If you are already in the fortunate position of having created a lakehouse using Azure Databricks or Synapse Spark, then you have the perfect basis. With the concept of shortcuts (for those of you familiar with SQL: comparable to a linked service), the existing Delta Lake can be used directly and without detours. There is a possibility to make the data directly available to the many compute engines in Fabric (data science / IoT / Power BI, etc.), without having to copy the data (important: you must be dealing with a Delta Lake, otherwise you have to convert the files first).
This provides an immediate benefit: Power BI can work with these data in Direct Lake mode. This means that Power BI can access the Delta files directly without having to import the data via a semantic model (formerly: dataset). Hence: you get the performance of the import mode combined with the freshness of DirectQuery... and save the scheduling time for the semantic model, a.k.a. dataset.
Building on this shortcut concept, it now becomes possible to migrate the dedicated SQL pools and use them as either a lakehouse or warehouse in Fabric. Likely steps:
- Export the dedicated SQL pools into a SQL project and import this project into Fabric.

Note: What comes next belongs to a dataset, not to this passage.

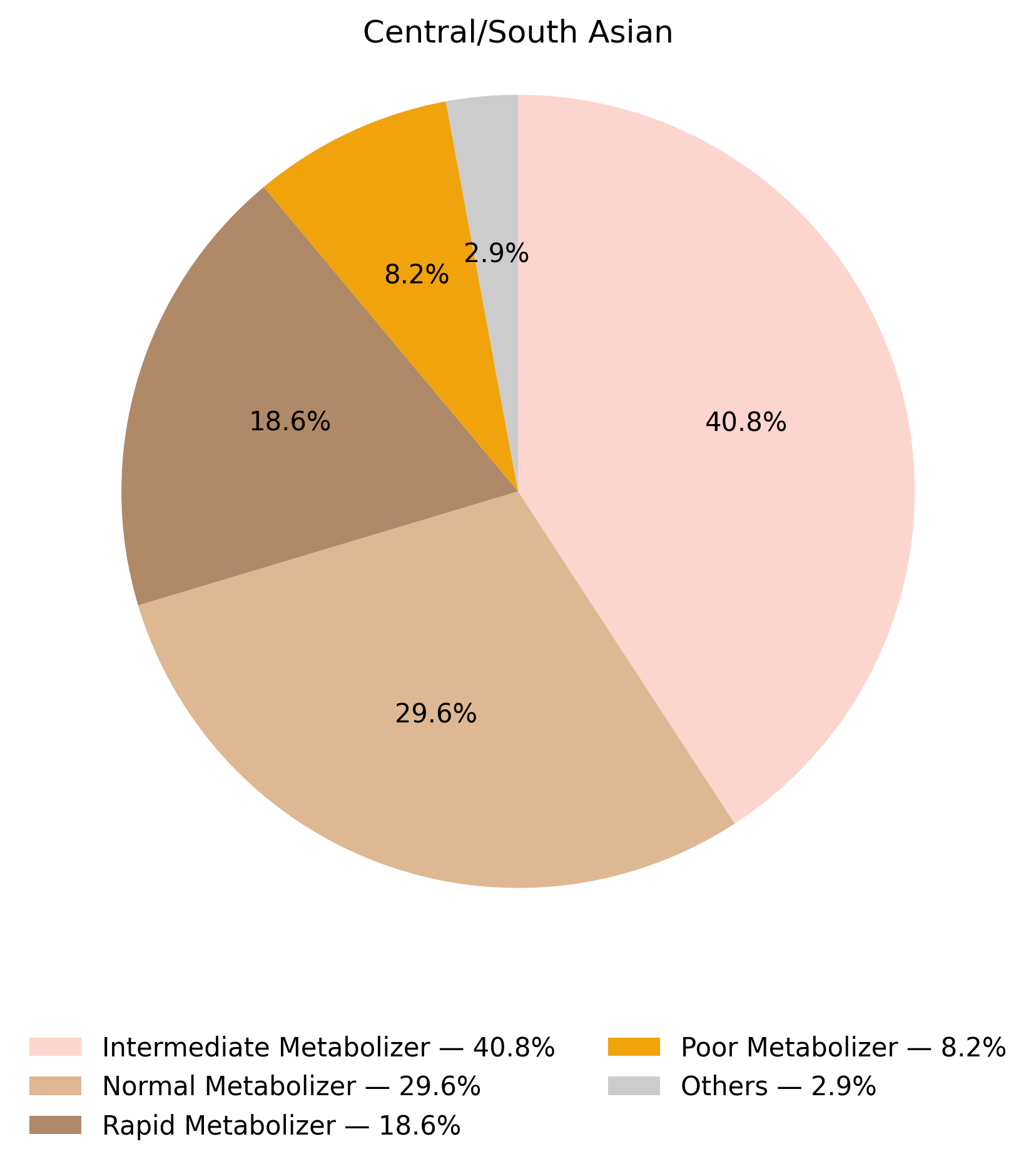 CYP2C19表現型於中亞／南亞族群的比例圖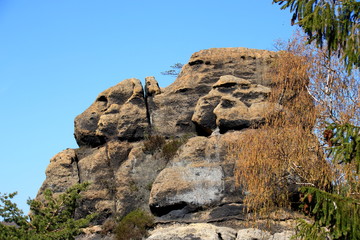 Felsen in Form eines Dackel in der Jonsdorfer Felsenstadt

- Meanwhile, PowerShell scripts on GitHub now support the conversion from SQL dedicated pool DDLs to Fabric DDLs.
A migration assistant announced for 2024 will even be capable of automatically redirecting endpoints.

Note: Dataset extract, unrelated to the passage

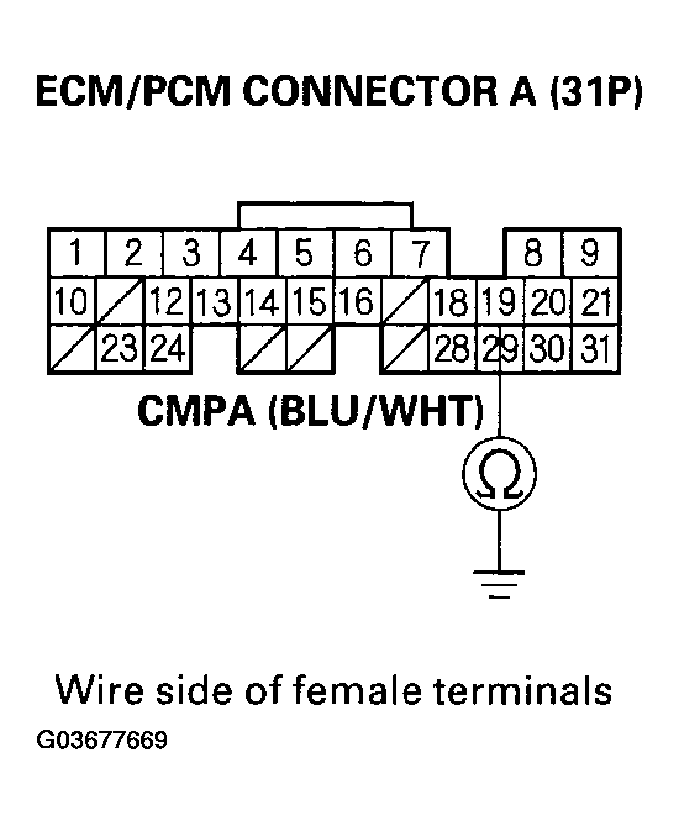 G03677669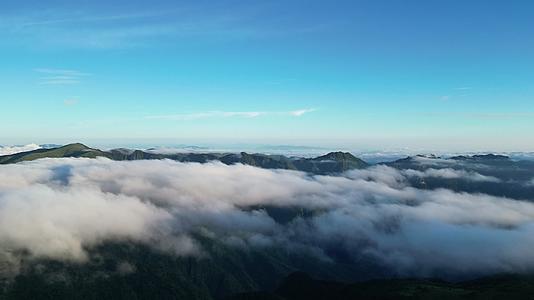 航拍高山云海湖北神农架景区视频的预览图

Later on, we will talk about the tool to possibly support this.
What about Azure Data Factory? Now that Microsoft Fabric is generally available, Fabric pipelines are also available, and most activities around orchestration are fully supported. Since ADF can also write directly to OneLake, the migration effort is markedly reduced.

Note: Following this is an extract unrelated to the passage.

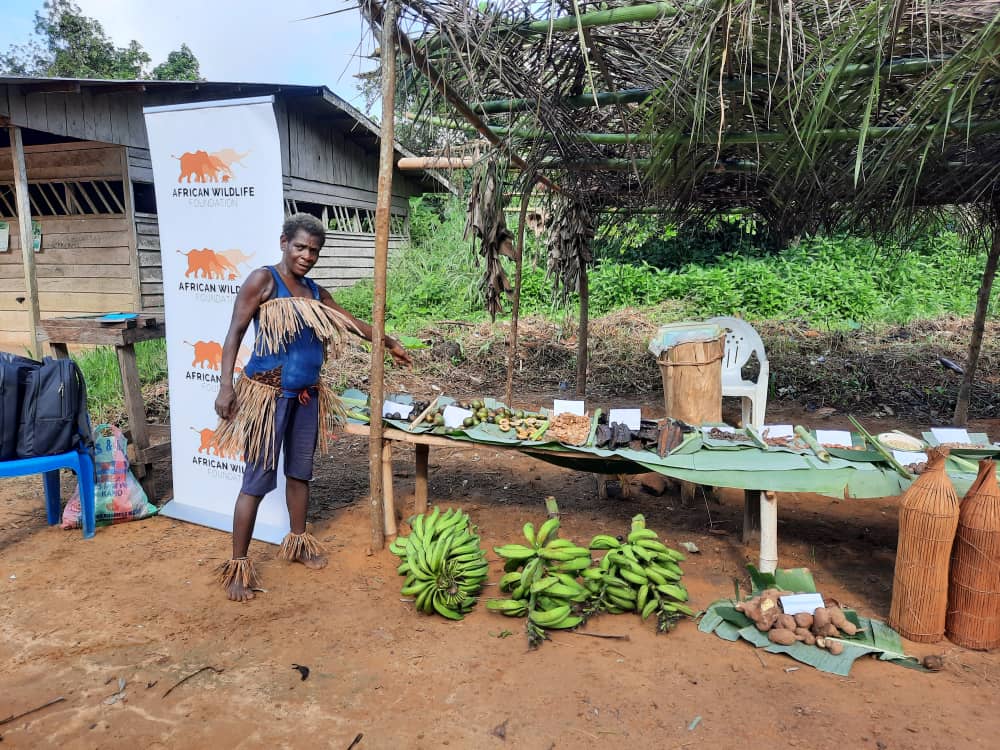 AWF_Official's tweet photo. This #InternationalDayOfIndigenousPeoples, we honor the Bagyeli community in Cameroon. These remarkable people have coexisted harmoniously with the forest for generations.

@AWF_Official is proud to support their transition to sustainable livelihoods while preserving their invaluable knowledge.  The Bagyeli have traditionally lived in harmony with the forest. We are supporting them as they adapt to new challenges and develop #sustainablelivelihoods through agriculture and agroforestry.  

On this day, we recognize the critical role Indigenous communities play in #environmental stewardship, and we reaffirm our work together to protect their rights and livelihoods.  Learn more about work with the indigenous communities in #Cameroon here >> 
https://t.co/WKnRd3JJZs 

#Africanleadership #AfricanConservation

However, at present there are still no mapping data flows from ADF in Microsoft Fabric. This means that existing data flows must either be replaced by Dataflows Gen2 in Fabric (guide: https://aka.ms/datafactoryfabric/docs/guideformappingdataflowusers), or the mapping data flow code must be converted to Spark code. Here too the Fabric Customer Advisory Team (Fabric CAT) has provided tools: https://github.com/sethiaarun/mapping-data-flow-to-spark.
Since VNet Data Gateways will also be supported now for Dataflows Gen2, integration into existing network infrastructures now works!
Another aspect that has also been announced is that in the second half of 2024, it will be possible to mount an existing Azure Data Factory in Fabric. But we already know this principle from previous SSIS workloads.